_WORKING DATA:_
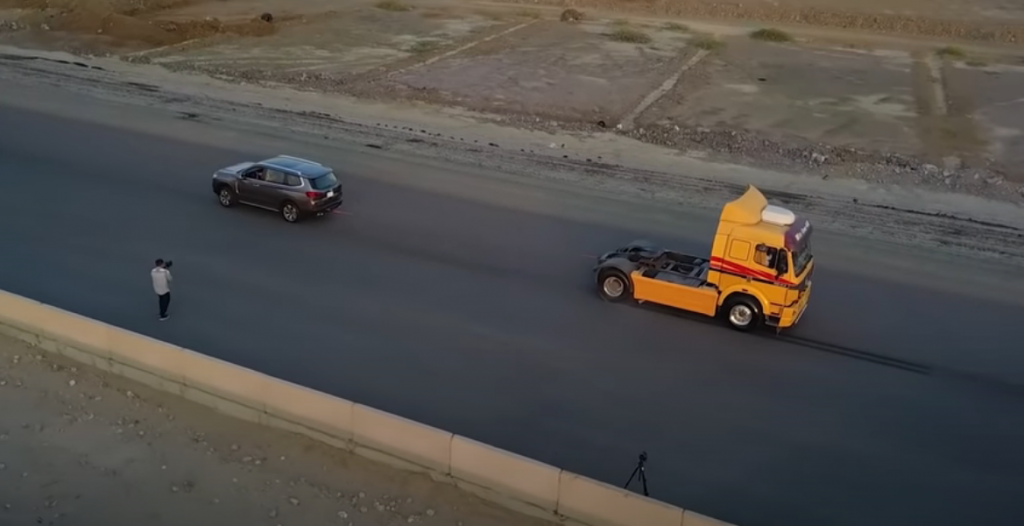 فيديو : ماكسوس D90 تفوز في تحدي السحب مع شاحنة في السعودية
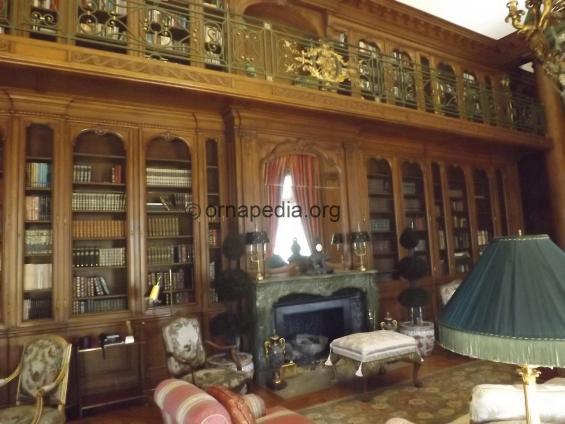 Library in oak
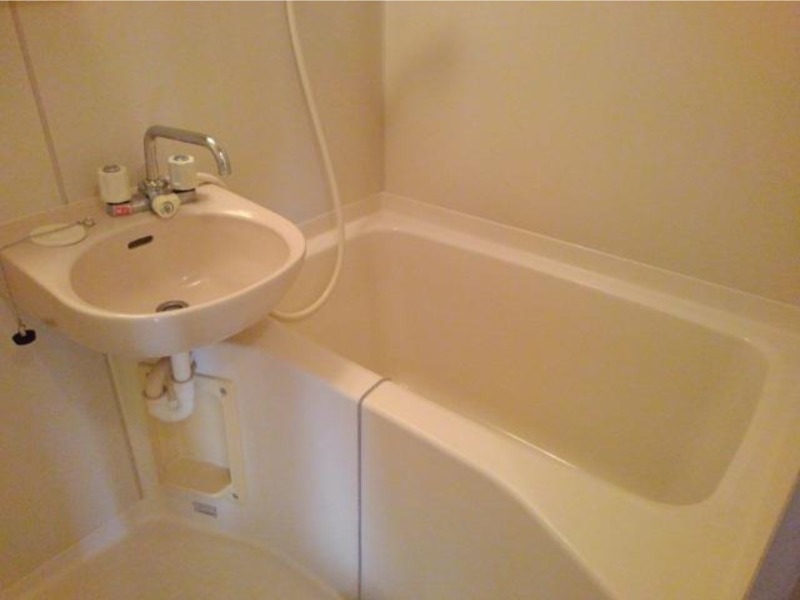 バス・シャワールーム　図面と現状に相違がある場合には現状を優先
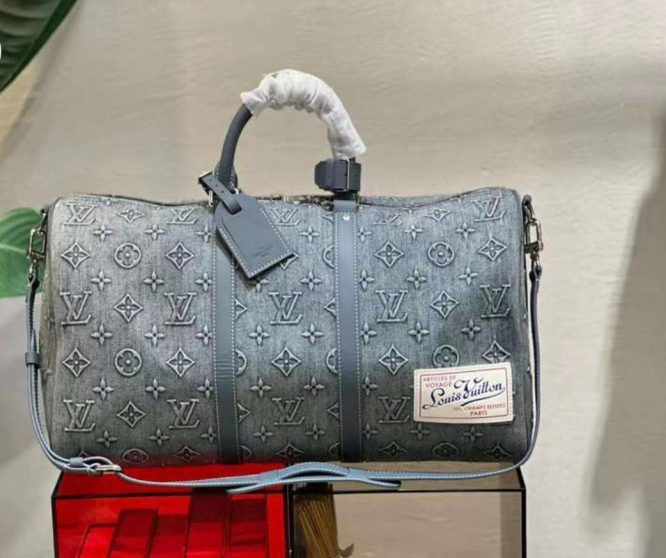 LOUIS VUITTON - TRAVEL BAG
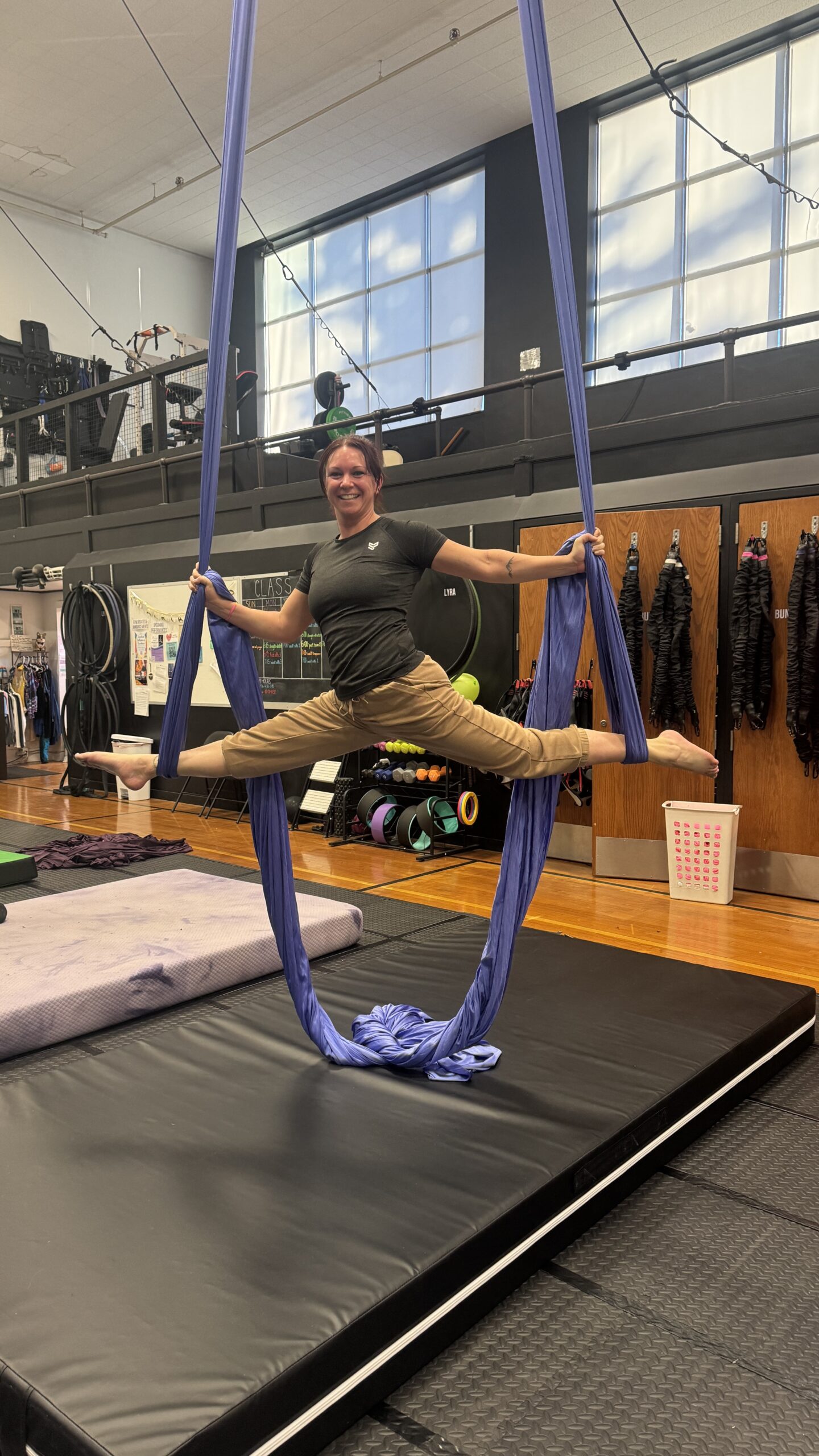 Beginner Adult Aerial Silks Class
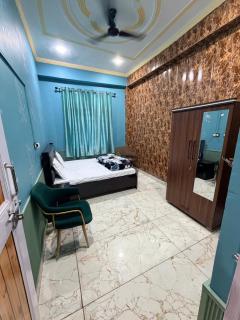 Red corridor guest house Banihal - 9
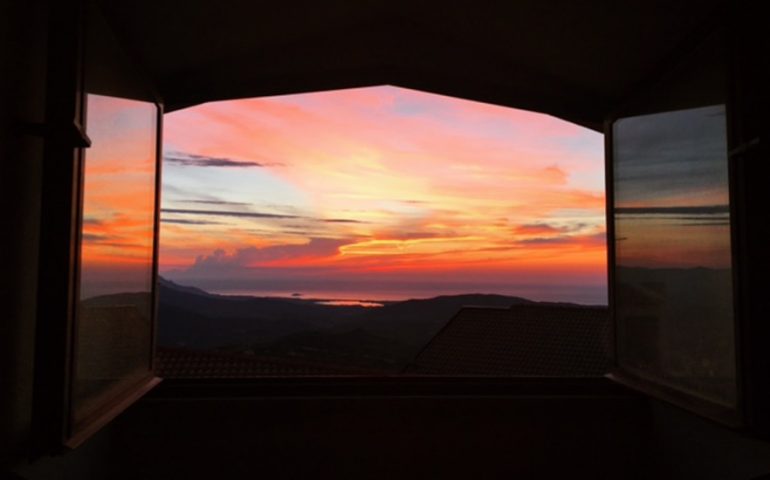 alba vista da Lanusei ( foto B.Loi)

_WHAT TO PRODUCE:_ Only an exact copy belongs in the answer: the lines from the one containing "Library in oak" through the end of the records, both ends included, minus the pictures.

_SOLUTION TO THE EXERCISE:_
 Library in oak
 バス・シャワールーム　図面と現状に相違がある場合には現状を優先
 LOUIS VUITTON - TRAVEL BAG
 Beginner Adult Aerial Silks Class
 Red corridor guest house Banihal - 9
 alba vista da Lanusei ( foto B.Loi)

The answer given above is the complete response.